Meet Benny Benson, The 13-Year-Old Who Designed Alaska's State Flag

For its first 60 years as part of the United States, Alaska did not have its own flag and flew only the American flag, according to the Alaska Historical Society. The U.S. had purchased the region from Russia in 1867, and for most of the next century, Alaska was a U.S. territory, like Puerto Rico and the U.S. Virgin Islands are today. (By the way, they both have flags.) Alaska wouldn't become a state until 1959, according to the Library of Congress.

In 1926, when Alaska was still a territory and decades away from statehood, territorial governor George Parks and the local American Legion decided that the territory needed a flag. What's more, they outsourced the design of the flag to the state's teenagers; children in grades 7-12 were asked to come up with a design to represent the territory moving forward, per the Alaska Historical Society.

The Alaska American Legion received several dozen submissions, according to Netstate, many that referenced certain aspects of the state and might have made an equally good choice. But at the end of the day, the winning design, which today remains as the Alaska state flag, was made by a 13-year-old boy named John Bell ("Benny") Benson.

The winning design

The committee that considered the flag submissions from Alaska's teenagers fielded quite a few that were variations on the same thing, according to Netstate. The Alaska territorial seal figured prominently in many designs, polar bears in others — including at least one that depicted a polar bear atop a globe. Some referenced the state's fishing and mining industries.
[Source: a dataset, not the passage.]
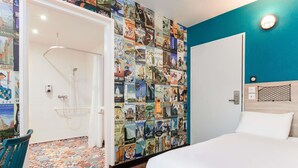 A hotel room with a bed, a shower, a wall decorated with travel posters, and a blue accent wall. - hotelF1 Avignon Nord (Sorgues)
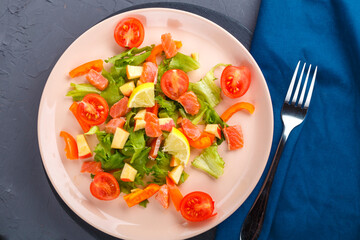 Salad with salmon and cherry tomatoes on a concrete background on a blue napkin next to a fork.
Benny Benson's design scratched the committee right where it itched, however. It depicted the Big Dipper constellation, itself a part of Ursa Major (the Great Bear), a reference to Alaska's bears. Another star represents the North Star, reflecting Alaska's position in the North and its quest for statehood; if and when it became a state, it would be the northernmost. The blue background represents not just the night sky, but also the forget-me-not, Alaska's state flower. "Benny Benson made a tremendous impact on Alaska history when he submitted his entry that featured the Big Dipper and the North Star. His story is a wonderful example of how one young person can really make a difference. The flag story continues to remind us of the importance of listening to the ideas and opinions of young people," said Alaska Lieutenant Governor Fran Ulmar in 2002, per Netstate. For his efforts, Benson received a $1,000 award (a princely sum in those days) and a watch, according to the Alaska Historical Society.

Benny Benson's difficult life

Benny Benson's decision to lean into Alaska's night sky, the Big Dipper, and the North Star may have been just what the territory needed for their flag, but Benson himself lived in an orphanage. As the University of Alaska explains, he was born to an Aleut-Russian woman and a Swedish fisherman father. In Benson's day, Alaskan natives were at risk from repeated epidemics, and when Benson was three years old, his mother died, so his father sent him to live in the Jesse Lee Home orphanage.

After graduating high school, Benson reunited with his father and took whatever work he could get. However, when work dried up, he moved to Seattle and he used his money from the flag contest to fund his education as a diesel mechanic. He later married, had children, divorced, returned to Alaska, and became an airplane mechanic. He also reunited with at least one of his siblings, had his leg amputated, and in 1972, married another former resident of the Jesse Lee Home. That same year, he died of a heart attack at 58 years of age.